Sports marketing can be tricky. From starting conversations about race to changing attitudes about equality and diversity, sport can hit, hook and cut across the societal spectrum to create positive change. Right now, with more people staying home and yearning for a shared human experience, live sports is a bountiful well of untapped marketing potential, but it’s also a growing brand minefield. cluttered with sponsors, billboards, advertisements and promotions. To deliver a decisive blow, brands need creative campaigns that combine the emotional power of sport with widespread fan engagement. In other words, brands need live storytelling.
Live storytelling in essence
Storytelling is a traditional sports marketing ploy. Using a sportsman’s human story of rejection, frustration and overcoming obstacles, for example, can inspire fans and forge a positive connection between brand and consumer. Live storytelling goes one step further.
Marrying human emotions with the unpredictability and excitement of live sports, live storytelling weaves an exciting, changing, and unscripted narrative throughout a live sports event that grabs viewers’ attention and stays long in their memories.
Live storytelling in action
1. Standard chart: LFC soundboard
In 2019-20, Liverpool were cruising towards their first title in 30 years, but a Covid-19 pandemic arrived, determined to deprive long-suffering fans of enjoying the live opportunity.
However, the club’s official sponsor, Standard Chartered, had other ideas. By creating a live YouTube channel that fans can watch alongside remaining matches, Standard Chartered has brought the stadium experience to fans’ sofas by playing Liverpool songs, leading chants in real time and giving fans the chance to shout, cheer and celebrate with other club fans and legends. A truly unprecedented emotional experience, unplanned and shared.

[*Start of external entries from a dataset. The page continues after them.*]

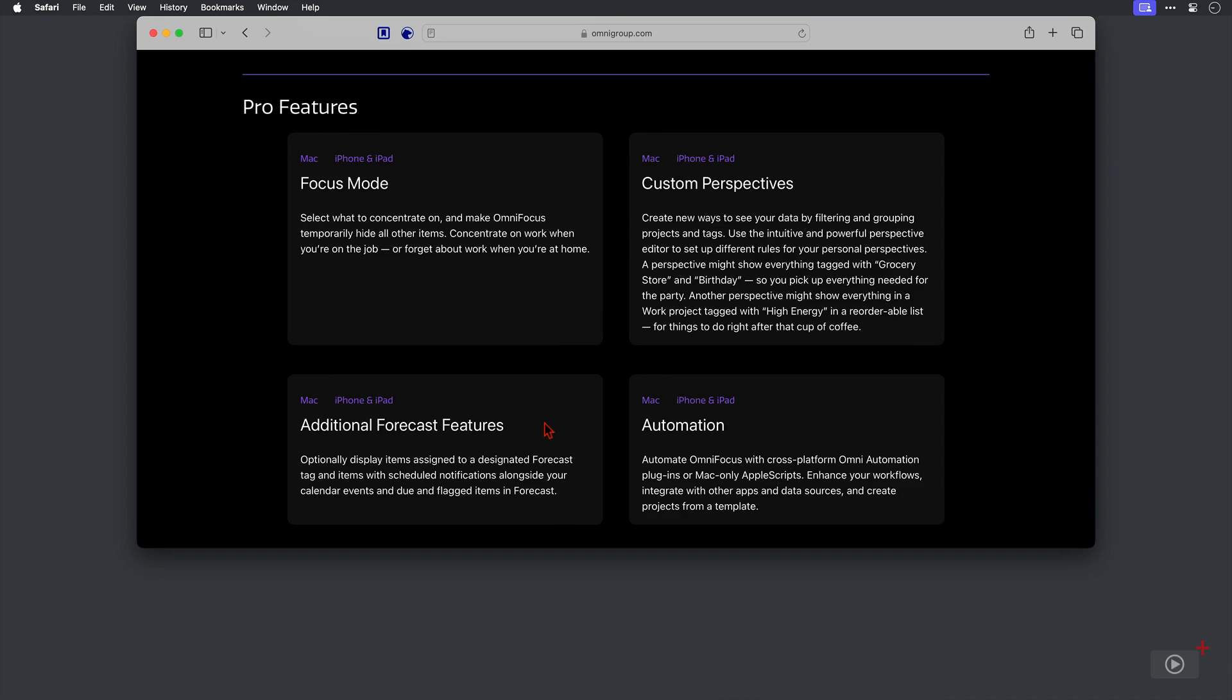Also, there are now additional forecast features which we will look at and the pro version has the ability to leverage automation. And that's not something that we're covering today. However, it's definitely something that I'm thinking about for a future video.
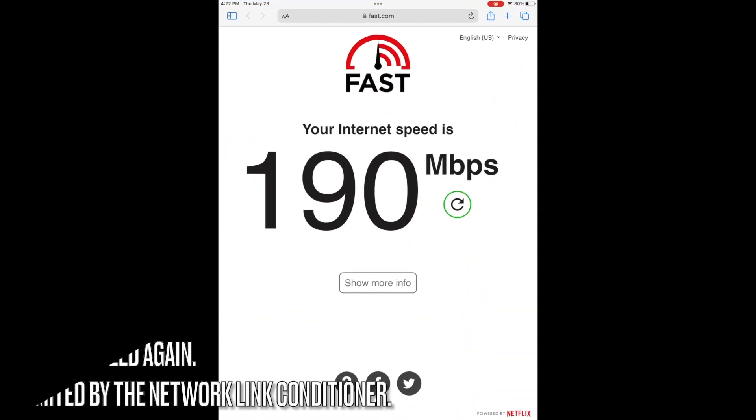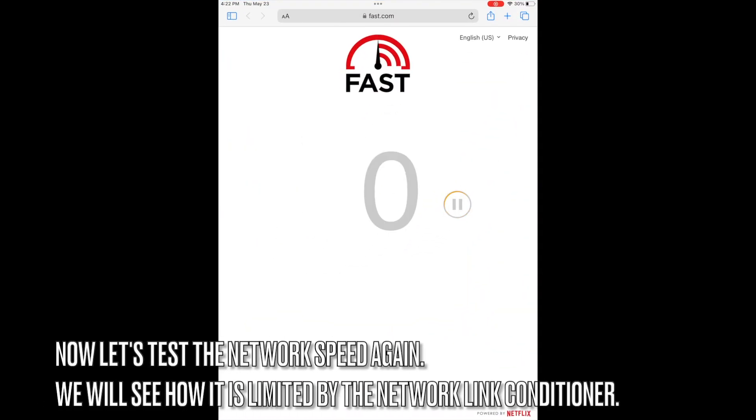Now let's test the network speed again. We will see how it is limited by Network Link Conditioner.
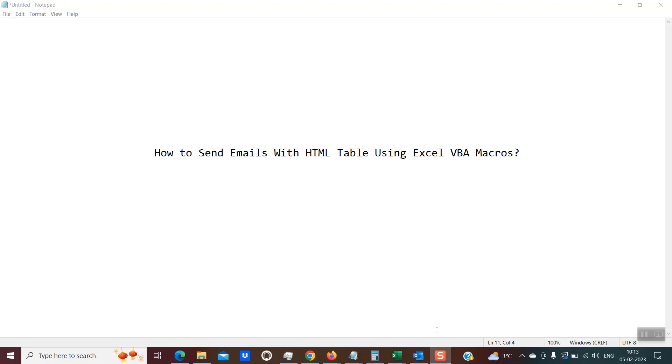Hello friends, welcome back. Today we will be learning something very interesting — how to send emails with an HTML table using Excel VBA macros.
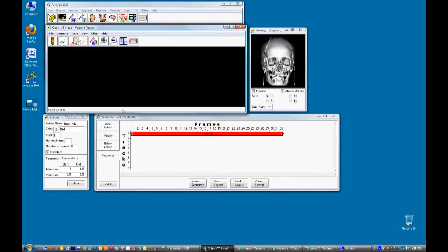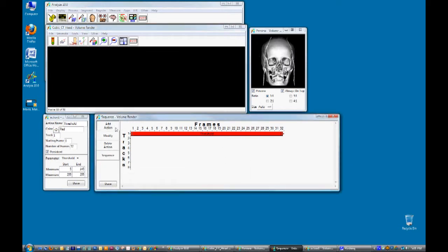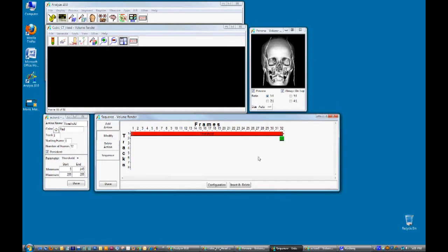To add an action click on the add action button and then click on the sequence tool. Click modify and then click on the new action.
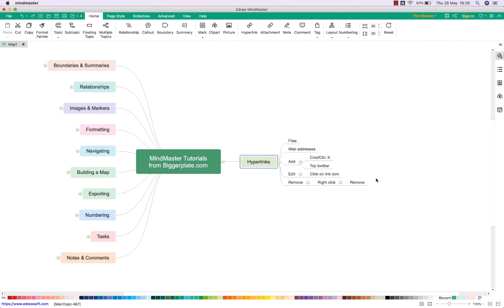Hello and welcome to this brief tutorial from biggerplate.com showing you how to add hyperlinks to your MindMaster mind maps. You can use hyperlinks within MindMaster to either link to other files on your computer or to web addresses, and we're going to show you how to do both.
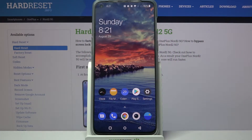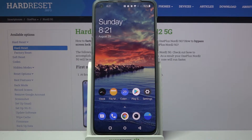Hi! In front of me is the OnePlus Nord 2 5G, and today I would like to show you how you can clone apps on this OnePlus.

2. Uber Eats: Australian Open
In 2019, Naomi Osaka and Novak Djokovic came out on top at the Australian Open, but for me the real winner was Uber Eats, which ran ads posing as live matches.
To succeed, Uber Eats used real players, officials, crowd photos and commentators. They copied graphics from real events, mirrored logo locations live on the pitch, and filmed with the same broadcast crew and cameras.
Even then, Uber Eats had to use the last slot of the commercial break to trick viewers into thinking it was a return to tennis, only for the player to order dinner through Uber Eats. By hijacking 14 matches in this way, each ad break kept viewers on their toes and helped Uber Eats stay in the minds of more than 13 million viewers worldwide.
3. Mastercard at the Rugby World Cup
As sponsor of the 2019 Rugby World Cup in Japan, Mastercard has paired its ‘priceless’ brand with a priceless Player of the Match trophy. Combining custom technology with Japanese heritage, each trophy was origami molded during the game and engraved with commentary from fan-picked highlights – captured via a bespoke Twitter API – then delivered to MOTM. 45 matches, 12 stadiums, six weeks, thousands of impressions.
Sky is the limit
As Regional Creative Director of the Mastercard Campaign, I saw firsthand the potential of live storytelling in sports marketing. How the powerful combination of a live match with an engaging live narrative can capture the imagination and reach new audiences.
But for me, the most exciting thing is the future. We are only at the beginning of the journey of live storytelling in sports marketing and with advancements in technology, the possibilities for live storytelling are limitless. Sports sponsorship is no longer about the CEO’s favorite team or slapping a logo on a jersey, it’s about creating heartbreaking, thrilling and hopeful stories at a live event for a real breakthrough. Now that’s a knockout.
Lizi Hamer is Creative Director at Octagon.